Its roof, composed of solar panels, gives it a range of up to 1,000 kilometres on a sunny day. In addition it has a battery that stores surplus energy, which can then be used for other devices in your home, thus promoting energy recycling.

For Lomans, two of the major challenges facing this type of vehicle are “both the production of curved solar panels and the achievement of lightweight designs”. Stella Vie has not yet been launched on the market and is still in the improvement and development phase.

Mö, the first bio-hybrid Spanish vehicle suitable for urban transport

Just the aesthetics of Mö already make it a unique specimen. Its compact design with a touch of vintage already makes it one of the more unique bio-hybrid vehicles. This is a Spanish project that originated in Malaga, and it is built with sustainable materials of organic origin that are easily recyclable.

Mö has been positioned as a great ally for daily use in urban areas. It can go in bike lanes and does not need any type of license to drive it, as the driving is done through a multi-function joystick.

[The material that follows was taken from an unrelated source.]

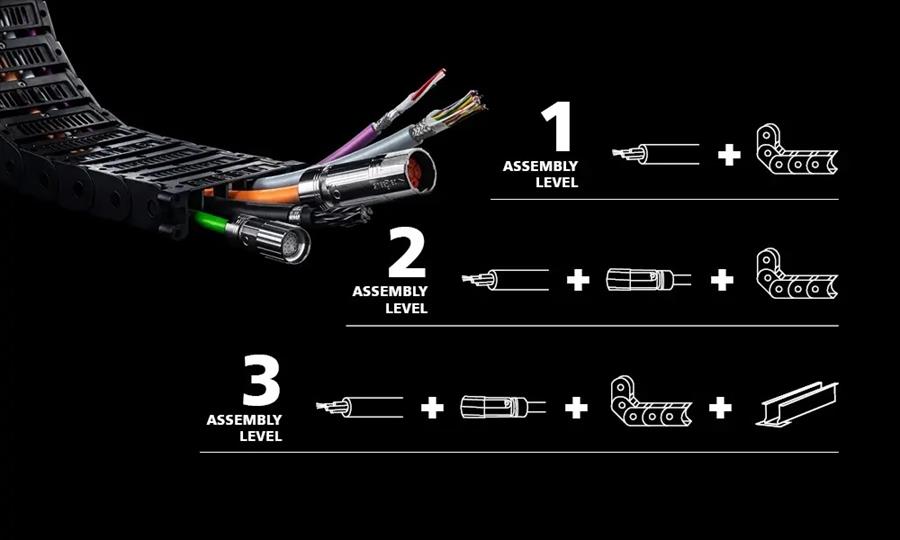 HELUCHAIN® SYSTEM: Kabelrupssystemen afgestemd op uw toepassing: Ontdek ons modulaire systeem voor lineaire toepassingen met kabelrupsen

It weighs 100 kilos, has space for two passengers and is approved as a pedelec (pedal electric cycle), i.e. as a type of electric bike.

Mö has an electric motor that runs thanks to a battery charged by solar panels that are integral to the vehicle itself. But it also has assisted pedalling in order to increase its range. Recharged by solar energy, it is able to cover up to 25 kilometres with the amount of COit produces being 0 gr/km.

According to its creators, Mö is able to travel more than 5,000 kilometres per year using only solar energy, even in conditions where the sun is scarce. You can already pre-order this peculiar solar car from Evovelo.

Sion, German technology to reinvigorate the automotive industry

The major differentiating feature of Sion is that it is an electric vehicle that feeds off solar energy whilst being driven. How does it do it? Thanks to the fact that it is endowed with a series of photovoltaic cells that allow it to recharge its batteries whilst driving.

It has an electric propulsion system with a range of over 250 kilometres thanks to its batteries and solar panels. Moreover, the 330 flexible photovoltaic panels that cover the seven square metres of its bodywork allow Sion to get around 30 kilometres extra so that it does not have to rely on external charging points.

This solar vehicle, manufactured by the German startup Sono Motors will arrive in 2019 and will come onto the market priced at 16,000 euros, although the battery, with an estimated price from the manufacturer of 4,000 euros, will not be included. The option of pre-ordering is already available on their web site.

Prove Dawn, the American solar car that aspires to be the fastest on the market

Prove Dawn is the name of this supersonic vehicle that looks space-aged, developed by students from PROVE Lab and the California State Polytechnic University.

Its electric motor takes advantage of up to 97% solar energy thanks to the 605 cells that cover its bodywork, generating 2.5 kilowatts. Its goal is to break records and become the fastest solar car on the market. It claims to go faster than 100 kilometres per hour, a feasible speed given that its structural material is carbon fibre, which gives it a weight of around 200 kilos, including the driver.

One aspect that is also different to other cars are the wheels. Prove Dawn replaces conventional tyres with four high-performance bicycle wheels. The control panel is also different; a pair of joysticks are responsible for determining direction. This American model has not yet been released to the market and the team is continuing to improve its capabilities.